Dyslipidemia The dyslipidemia found in individuals who have the MetS consists of an aggregate of lipoprotein abnormalities that include: elevated serum triglyceride and apolipoprotein B (Apo B), low concentration of high-density lipoprotein (HDL)
cholesterol, and increased number of small dense low-density lipoprotein (LDL) particles and small HDL particles. All of these abnormalities are independently atherogenic16,22–24. Inflammation and prothrombotic markers Individuals who have characteristics of MetS commonly manifest a
proinflammatory and prothrombotic state. This is evidence by elevated levels of Creactive protein25, interleukin-6, and plasminogen activator inhibitor-1 (PAI-1)26. Studies have shown a linear relation between the number of the MetS components and the level of C-reactive protein20. Inflammatory and prothrombotic markers are known to be associated with an increased risk of subsequent CVD27. Risk assessment for future development of atherosclerotic cardiovascular disease (ASCVD) in individuals who have the metabolic syndrome To reduce the lifetime risk of ASCVD, all individuals found to have the MetS deserve a comprehensive global risk assessment and long-term monitoring18. Individuals who have clinical ASCVD (eg, CHD, stroke, or peripheral artery disease [PAD]) or who have diabetes belong in a high-risk category and should be treated more aggressively with risk factor-targeted pharmacotherapy, in addition to lifestyle intervention to significantly reduce morbidity and mortality. Recommendations from ATP-III and the 2006 American College of Cardiology (ACC)/American Heart Association (AHA) guidelines on secondary prevention should be followed in this risk Category19,28-29. Clinical implications of diagnosing the metabolic syndrome Any single risk factor can produce cumulative damage and increase morbidity and mortality if left untreated for long-term, however, the MetS carries an increased relative risk for CVD in the short and long term. A diagnosis of the MetS emphasizes the importance of risk factor modification through lifestyle changes. These interventions should focus on weight reduction, increased physical activity, an anti-atherogenic diet, and smoking cessation. Unfortunately, lifestyle intervention is often neglected in daily
practice. Studies demonstrated that increased obesity reduces the beneficial effect of other risk-reduction strategies30. Institution of lifestyle interventions helps to lessen the impact of each metabolic risk factor on an individual at every stage, but particularly in early phases, and slows the subsequent development of CVD. As stated earlier, identification of individuals who have the MetS is aimed at long-term risk reduction primarily through lifestyle modification. Incorporating the diagnosis of the MetS into routine clinical practice may serve as a ‘‘teachable moment,’’ in which health care providers can help patients understand their true lifetime risk profile, and motivate them to adopt lifestyle changes that promote health and longevity.

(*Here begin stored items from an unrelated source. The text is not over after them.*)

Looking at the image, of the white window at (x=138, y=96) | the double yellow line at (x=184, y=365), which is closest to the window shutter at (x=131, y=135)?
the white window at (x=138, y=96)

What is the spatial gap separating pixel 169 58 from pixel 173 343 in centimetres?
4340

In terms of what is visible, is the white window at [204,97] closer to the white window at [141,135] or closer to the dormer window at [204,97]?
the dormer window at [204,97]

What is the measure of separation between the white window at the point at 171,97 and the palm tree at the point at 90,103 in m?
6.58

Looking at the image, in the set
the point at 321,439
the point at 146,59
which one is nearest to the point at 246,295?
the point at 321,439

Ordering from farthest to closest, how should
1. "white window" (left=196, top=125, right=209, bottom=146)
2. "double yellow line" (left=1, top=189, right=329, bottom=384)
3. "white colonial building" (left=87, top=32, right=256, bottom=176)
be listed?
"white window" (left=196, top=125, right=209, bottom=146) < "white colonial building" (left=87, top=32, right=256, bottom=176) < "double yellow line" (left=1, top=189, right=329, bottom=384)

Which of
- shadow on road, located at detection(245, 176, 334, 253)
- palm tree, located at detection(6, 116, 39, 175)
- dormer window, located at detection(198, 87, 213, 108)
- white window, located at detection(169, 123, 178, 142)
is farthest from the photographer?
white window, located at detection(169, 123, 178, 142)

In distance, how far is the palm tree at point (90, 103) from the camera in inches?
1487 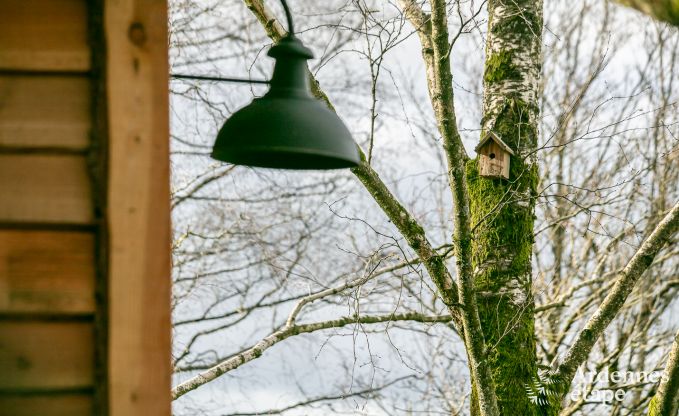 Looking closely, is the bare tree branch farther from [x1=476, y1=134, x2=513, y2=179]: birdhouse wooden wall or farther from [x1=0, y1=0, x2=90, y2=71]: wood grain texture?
[x1=0, y1=0, x2=90, y2=71]: wood grain texture

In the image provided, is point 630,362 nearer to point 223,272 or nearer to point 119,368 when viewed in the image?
point 223,272

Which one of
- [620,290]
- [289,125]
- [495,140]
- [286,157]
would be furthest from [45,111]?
[620,290]

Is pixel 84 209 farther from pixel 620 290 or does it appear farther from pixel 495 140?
pixel 620 290

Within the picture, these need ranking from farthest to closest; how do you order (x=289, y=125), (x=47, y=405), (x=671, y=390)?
(x=671, y=390)
(x=289, y=125)
(x=47, y=405)

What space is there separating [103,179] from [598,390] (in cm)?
716

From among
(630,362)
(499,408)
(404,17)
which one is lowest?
(499,408)

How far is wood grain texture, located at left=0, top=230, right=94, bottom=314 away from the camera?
1.84 meters

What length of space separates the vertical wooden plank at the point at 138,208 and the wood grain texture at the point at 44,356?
6cm

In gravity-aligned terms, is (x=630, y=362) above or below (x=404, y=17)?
below

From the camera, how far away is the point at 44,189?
73.8 inches

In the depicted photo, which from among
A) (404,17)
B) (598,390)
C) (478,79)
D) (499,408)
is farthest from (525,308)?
(478,79)

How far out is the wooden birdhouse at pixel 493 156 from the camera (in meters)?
5.18

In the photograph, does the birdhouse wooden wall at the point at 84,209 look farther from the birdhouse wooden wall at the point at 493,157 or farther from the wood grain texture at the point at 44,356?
the birdhouse wooden wall at the point at 493,157

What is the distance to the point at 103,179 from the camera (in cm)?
188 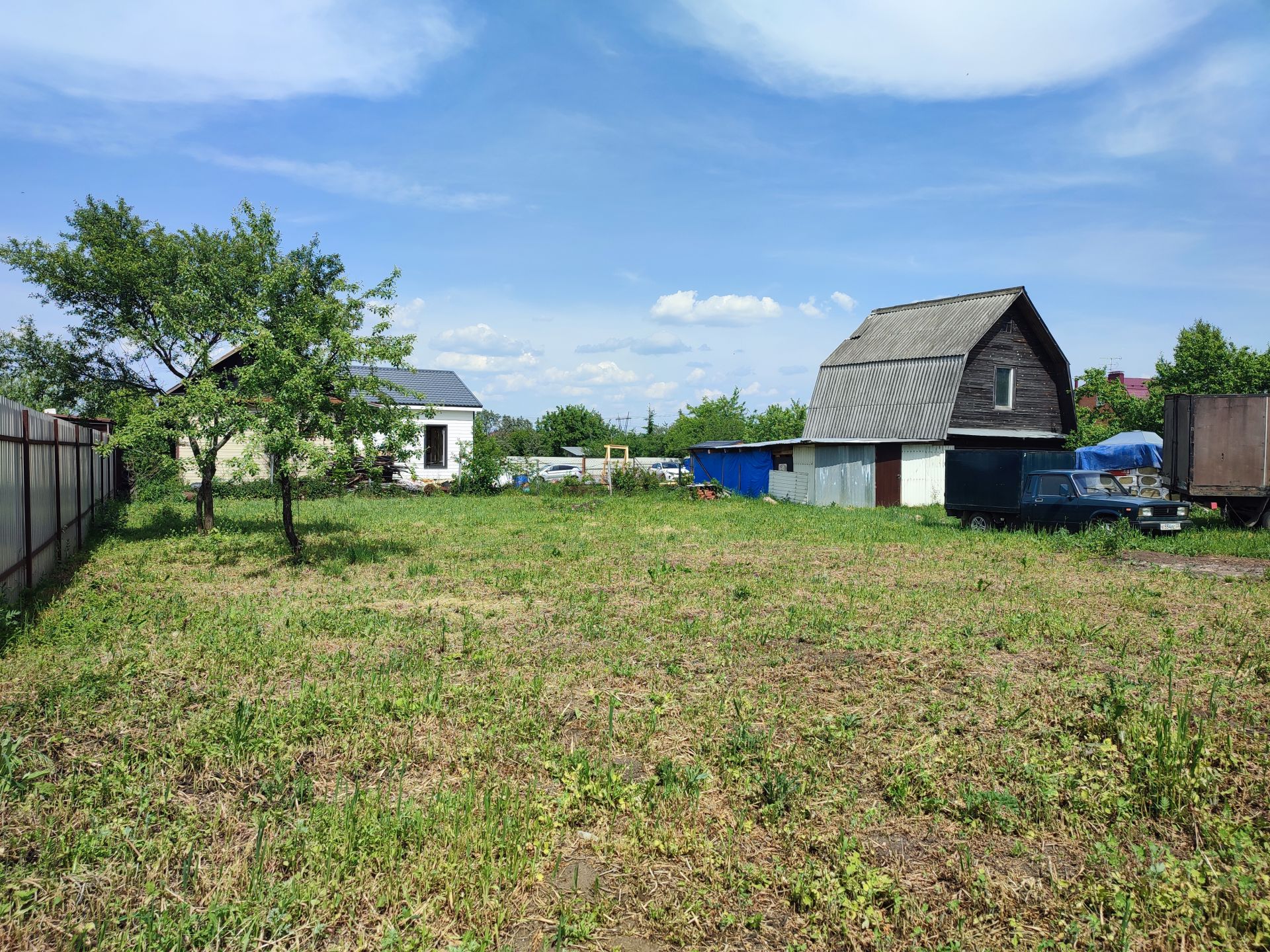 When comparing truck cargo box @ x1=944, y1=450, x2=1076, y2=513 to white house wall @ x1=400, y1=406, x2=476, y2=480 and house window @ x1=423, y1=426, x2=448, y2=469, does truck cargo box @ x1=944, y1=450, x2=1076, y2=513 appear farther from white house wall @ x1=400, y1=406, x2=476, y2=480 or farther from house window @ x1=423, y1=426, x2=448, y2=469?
house window @ x1=423, y1=426, x2=448, y2=469

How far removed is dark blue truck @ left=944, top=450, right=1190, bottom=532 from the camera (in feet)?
51.6

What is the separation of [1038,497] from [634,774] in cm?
1512

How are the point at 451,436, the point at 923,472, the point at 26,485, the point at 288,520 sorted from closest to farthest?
1. the point at 26,485
2. the point at 288,520
3. the point at 923,472
4. the point at 451,436

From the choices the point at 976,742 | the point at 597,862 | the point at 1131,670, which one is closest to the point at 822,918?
the point at 597,862

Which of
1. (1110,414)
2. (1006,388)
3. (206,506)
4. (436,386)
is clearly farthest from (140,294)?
(1110,414)

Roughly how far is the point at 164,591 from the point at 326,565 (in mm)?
2659

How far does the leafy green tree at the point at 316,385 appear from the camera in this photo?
12.5m

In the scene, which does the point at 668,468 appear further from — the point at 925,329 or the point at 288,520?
the point at 288,520

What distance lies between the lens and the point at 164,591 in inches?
408

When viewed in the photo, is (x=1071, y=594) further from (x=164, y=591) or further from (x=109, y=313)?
(x=109, y=313)

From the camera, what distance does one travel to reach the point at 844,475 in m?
28.3

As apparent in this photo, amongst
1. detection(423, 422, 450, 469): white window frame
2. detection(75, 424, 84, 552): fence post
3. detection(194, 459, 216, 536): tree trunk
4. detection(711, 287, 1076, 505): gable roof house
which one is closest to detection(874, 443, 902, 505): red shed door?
detection(711, 287, 1076, 505): gable roof house

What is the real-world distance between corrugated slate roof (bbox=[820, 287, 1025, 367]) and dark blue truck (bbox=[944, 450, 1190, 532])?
10363 millimetres

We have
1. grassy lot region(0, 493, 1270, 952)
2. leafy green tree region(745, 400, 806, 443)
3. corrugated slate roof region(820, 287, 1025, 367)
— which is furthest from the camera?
leafy green tree region(745, 400, 806, 443) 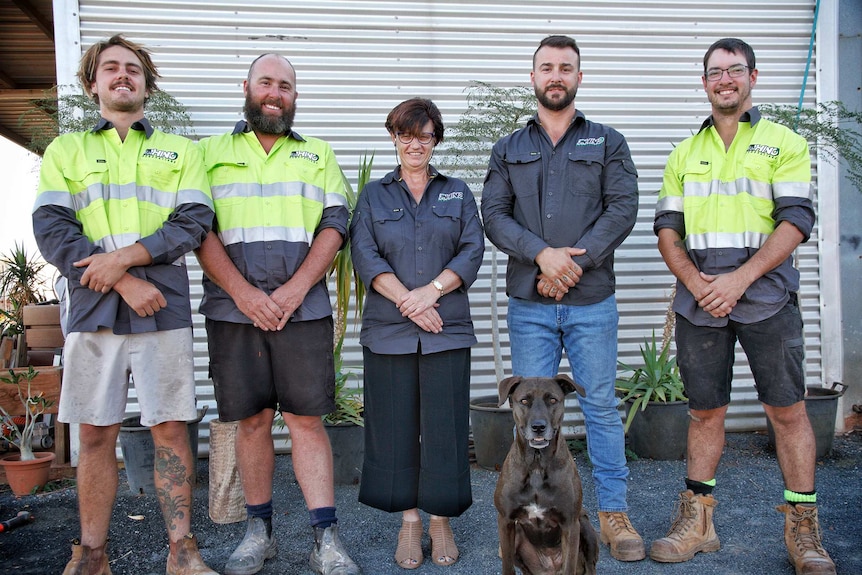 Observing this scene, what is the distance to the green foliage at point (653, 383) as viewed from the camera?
477 centimetres

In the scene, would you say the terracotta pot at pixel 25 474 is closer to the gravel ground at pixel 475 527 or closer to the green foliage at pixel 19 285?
the gravel ground at pixel 475 527

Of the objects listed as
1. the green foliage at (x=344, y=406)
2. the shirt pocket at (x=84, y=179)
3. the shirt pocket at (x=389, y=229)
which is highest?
the shirt pocket at (x=84, y=179)

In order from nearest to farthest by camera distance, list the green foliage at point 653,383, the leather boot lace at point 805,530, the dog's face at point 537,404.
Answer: the dog's face at point 537,404, the leather boot lace at point 805,530, the green foliage at point 653,383

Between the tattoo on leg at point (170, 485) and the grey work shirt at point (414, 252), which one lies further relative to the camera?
the grey work shirt at point (414, 252)

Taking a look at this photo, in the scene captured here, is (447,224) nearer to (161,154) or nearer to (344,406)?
(161,154)

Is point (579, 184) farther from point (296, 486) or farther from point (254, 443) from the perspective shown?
point (296, 486)

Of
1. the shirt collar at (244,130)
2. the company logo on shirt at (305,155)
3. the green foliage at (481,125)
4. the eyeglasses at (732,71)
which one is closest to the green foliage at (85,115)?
the shirt collar at (244,130)

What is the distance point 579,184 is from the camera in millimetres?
3252

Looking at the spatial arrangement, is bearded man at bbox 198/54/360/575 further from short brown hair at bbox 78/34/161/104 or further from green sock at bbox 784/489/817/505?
green sock at bbox 784/489/817/505

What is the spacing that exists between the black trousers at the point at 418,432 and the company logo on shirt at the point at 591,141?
113 cm

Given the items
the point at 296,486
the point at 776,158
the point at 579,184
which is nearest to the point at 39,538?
the point at 296,486

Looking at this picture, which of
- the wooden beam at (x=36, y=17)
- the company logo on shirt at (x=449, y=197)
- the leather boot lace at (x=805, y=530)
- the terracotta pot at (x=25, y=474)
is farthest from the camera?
the wooden beam at (x=36, y=17)

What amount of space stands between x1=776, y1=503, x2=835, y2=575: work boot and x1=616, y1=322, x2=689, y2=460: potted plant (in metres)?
1.54

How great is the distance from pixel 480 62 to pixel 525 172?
219 centimetres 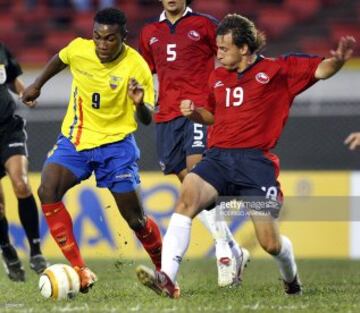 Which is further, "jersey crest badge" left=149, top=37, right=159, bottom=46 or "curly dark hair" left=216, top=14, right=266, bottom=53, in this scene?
"jersey crest badge" left=149, top=37, right=159, bottom=46

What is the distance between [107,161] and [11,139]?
1998mm

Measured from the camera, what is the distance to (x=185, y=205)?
7.29 metres

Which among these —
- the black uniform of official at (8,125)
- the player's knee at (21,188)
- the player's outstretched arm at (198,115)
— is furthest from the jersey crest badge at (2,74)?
the player's outstretched arm at (198,115)

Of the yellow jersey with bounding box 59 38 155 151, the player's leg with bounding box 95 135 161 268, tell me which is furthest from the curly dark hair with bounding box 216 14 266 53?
the player's leg with bounding box 95 135 161 268

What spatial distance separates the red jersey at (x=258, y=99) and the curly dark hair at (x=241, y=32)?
0.15 metres

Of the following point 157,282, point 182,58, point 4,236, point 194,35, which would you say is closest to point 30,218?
point 4,236

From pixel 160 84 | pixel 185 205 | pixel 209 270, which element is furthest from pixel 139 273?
pixel 209 270

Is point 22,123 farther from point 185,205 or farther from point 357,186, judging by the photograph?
point 357,186

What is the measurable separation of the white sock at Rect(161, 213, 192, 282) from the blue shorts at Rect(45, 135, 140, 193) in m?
0.94

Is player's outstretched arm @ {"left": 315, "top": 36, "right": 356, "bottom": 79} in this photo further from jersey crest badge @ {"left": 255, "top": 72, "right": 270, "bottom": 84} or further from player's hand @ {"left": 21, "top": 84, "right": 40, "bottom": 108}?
player's hand @ {"left": 21, "top": 84, "right": 40, "bottom": 108}

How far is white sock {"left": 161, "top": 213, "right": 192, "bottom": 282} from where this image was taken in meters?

CVD remains the most widespread health care problem of the world. Recently, the MetS has received an increasing amount of attention because of the growing prevalence of obesity and its association with heart disease. Longitudinal observational studies have confirmed that the MetS is a risk factor for the subsequent development of CVD and mortality. Identifying patients who have MetS may enhance the clinical management of individuals who have various risk factors.
Although the scientific basis for the MetS is still debated, its clinical value in identifying individuals who have a compilation of risk factors who are at an increased risk for CVD is undisputed. The patients who have the MetS, longterm management of each risk factor is essential. The lifetime risk for CVD with MetS is higher than expected in untreated patients. Lifestyle intervention is fundamental and should be introduced, maintained, and reinforced in all individuals. Pharmacotherapy, targeting individual risk factors, should be guided by global risk assessment and accepted treatment guidelines.